So ordinary. Who would have thought ? Who could have guessed?
I am home. I am really home. Ten thousand life times.
Ten thousand life times but today I am home.
Ten thousand life times but today I am home.
This is not an experience. This is me.
I am awake. Finally, I am awake.
Nothing has changed, but I am awake.
Before I tasted the root many times and felt, how delicious.
Today I became the root. How ordinary.

Aruna Byers
The actual moment of realization happened while I was having dinner with some Papaji devotees who had been with him for some time. I was telling them how blissful my body felt and how my mind just wouldn't work well enough to write Papaji a letter. In a soft and gentle voice the man sitting across from me said, " The bliss you are feeling doesn’t mean a thing. It will eventually leave. Go to the source of your thoughts and you will know who you are." I focused my attention inward to find that place where my thoughts were coming from. Suddenly I knew, without a doubt, that every thought I ever had was only my imagination. It was so clear. In that moment the whole story of "me and my life" disappeared into silence. All that remained was Papaji’s laughter.

Douglas Harding
The best day of my life - my rebirthday, so to speak - was when I found I had no head. This is not a literary gambit, a witticism designed to arouse interest at any cost. I mean it in all seriousness: I have no head.
It was eighteen years ago, when I was thirty-three, that I made the discovery. Though it certainly came out of the blue, it did so in response to an urgent enquiry; I had for several months been absorbed in the question: what am I? The fact that I happened to be walking in the Himalayas at the time probably had little to do with it; though in that country unusual states of mind are said to come more easily. However that may be, a very still clear day, and a view from the ridge where I stood, over misty blue valleys to the highest mountain range in the world, with Kangchenjunga and Everest unprominent among its snow-peaks, made a setting worthy of the grandest vision.
What actually happened was something absurdly simple and unspectacular: I stopped thinking. A peculiar quiet, an odd kind of alert limpness or numbness, came over me. Reason and imagination and all mental chatter died down. For once, words really failed me. Past and future dropped away. I forgot who and what I was, my name, manhood, animalhood, all that could be called mine. It was as if I had been born that instant, brand new, mindless, innocent of all memories. There existed only the Now, that present moment and what was clearly given in it. To look was enough. And what I found was khaki trouserlegs terminating downwards in a pair of brown shoes, khaki sleeves terminating sideways in a pair of pink hands, and a khaki shirtfront terminating upwards in - absolutely nothing whatever! Certainly not in a head.

Byron Katie
Less than two weeks after I entered the halfway house [for eating disorders], my life changed completely. What follows is a very approximate account.

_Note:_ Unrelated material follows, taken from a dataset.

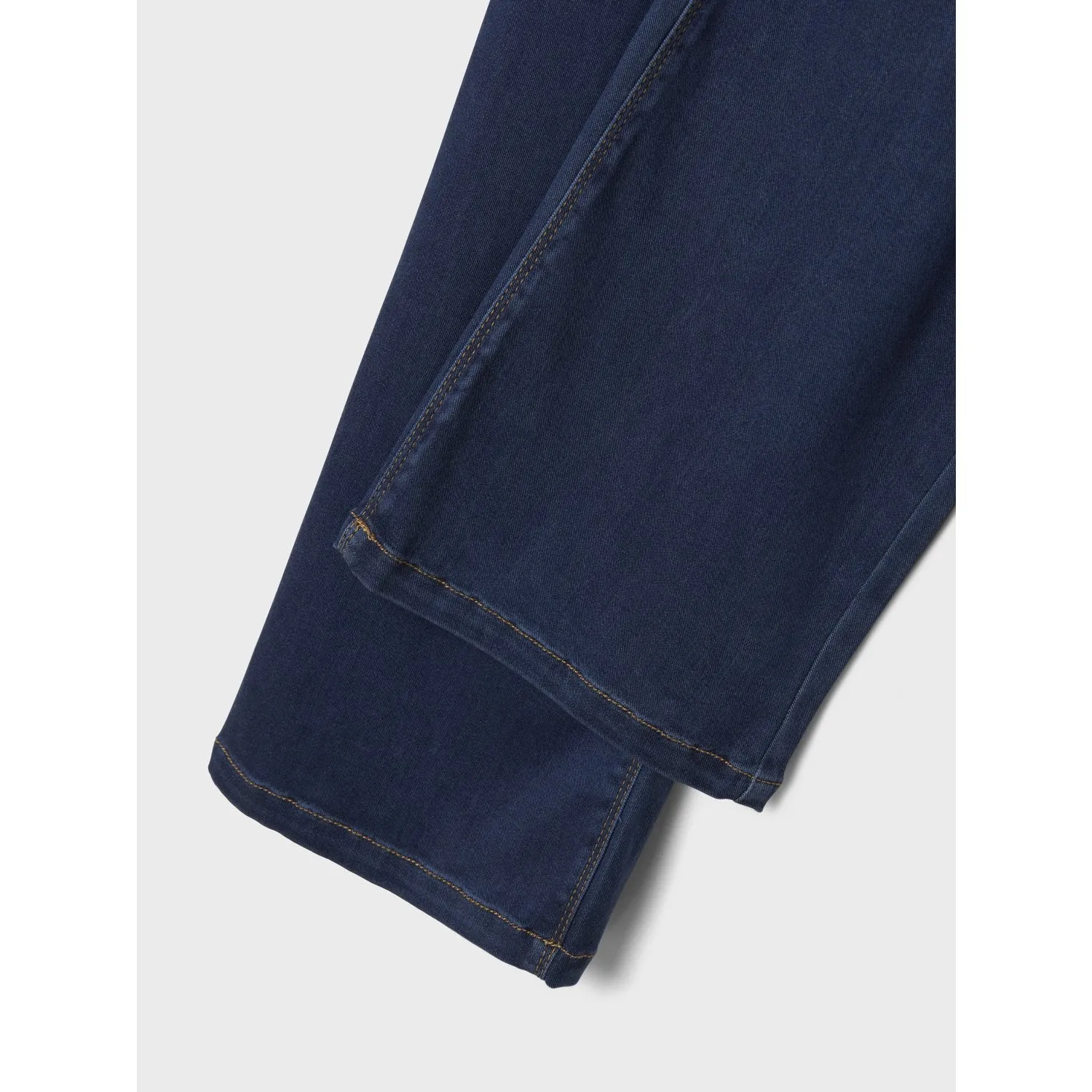 Name It Denim Blue Nkfsalli Wide Jeans 8293-To Noos Style Simplicity Breathable Feel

One morning I woke up. I had been sleeping on the floor as usual. Nothing special had happened the night before; I just opened my eyes. But I was seeing without concepts, without thoughts or an internal story. There was no me. It was as if something else had woken up. It opened its eyes. It was looking through Katie's eyes. And it was crisp, it was clear, it was new, it had never been here before. Everything was unrecognizable. And it was so delighted! Laughter welled up from the depths and just poured out. It breathed and was ecstasy. It was intoxicated with joy: totally greedy for everything. There was nothing separate, nothing unacceptable to it. Everything was its very own self. For the first time I — it — experienced the love of its own life. I — it —was amazed!

In trying to be as accurate as possible, I am using the word “it” for this delighted, loving awareness, in which there was no me or world, and in which everything was included. There just isn't another way to say how completely new and fresh the awareness was. There was no I observing the “it.” There was nothing but the “it.” And even the realization of an “it” came later.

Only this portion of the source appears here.